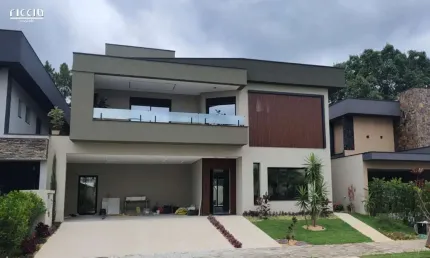 Casa com 4 suítes com planejados - condomínio jardim do golfe 1 - avalia permuta! mande sua proposta!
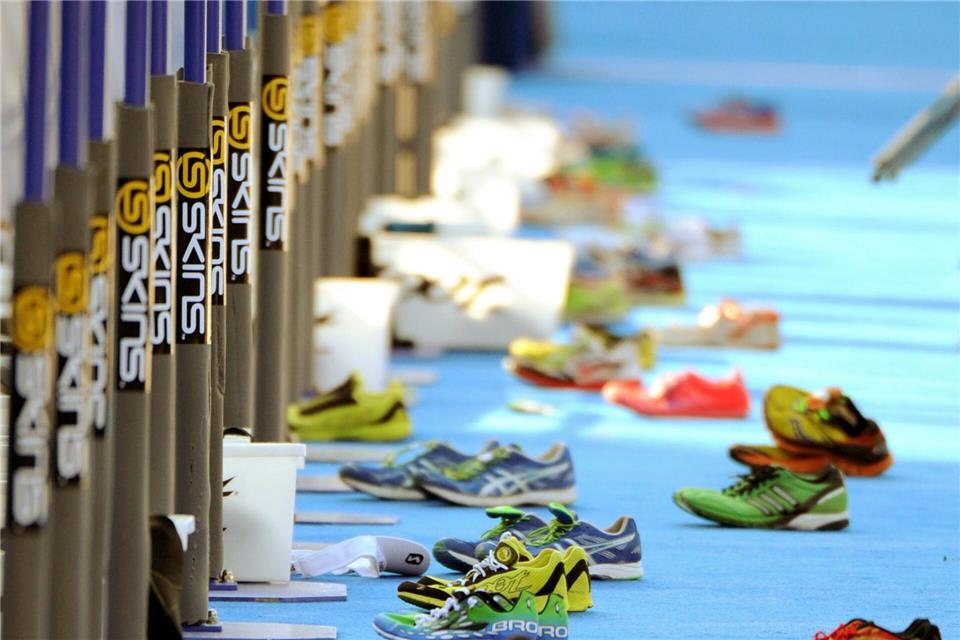 In einer Wechselzone beim Triathlon kann es schon mal hektisch zugehen. (Archivbild) picture alliance / dpa
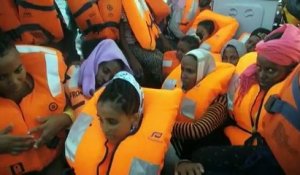 Les images du sauvetage d'environ 6 055 migrants au large de la Libye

### Exercise directions
Set down the data again, exactly, without images.

### Your solution
 Casa com 4 suítes com planejados - condomínio jardim do golfe 1 - avalia permuta! mande sua proposta!
 In einer Wechselzone beim Triathlon kann es schon mal hektisch zugehen. (Archivbild) picture alliance / dpa
 Les images du sauvetage d'environ 6 055 migrants au large de la Libye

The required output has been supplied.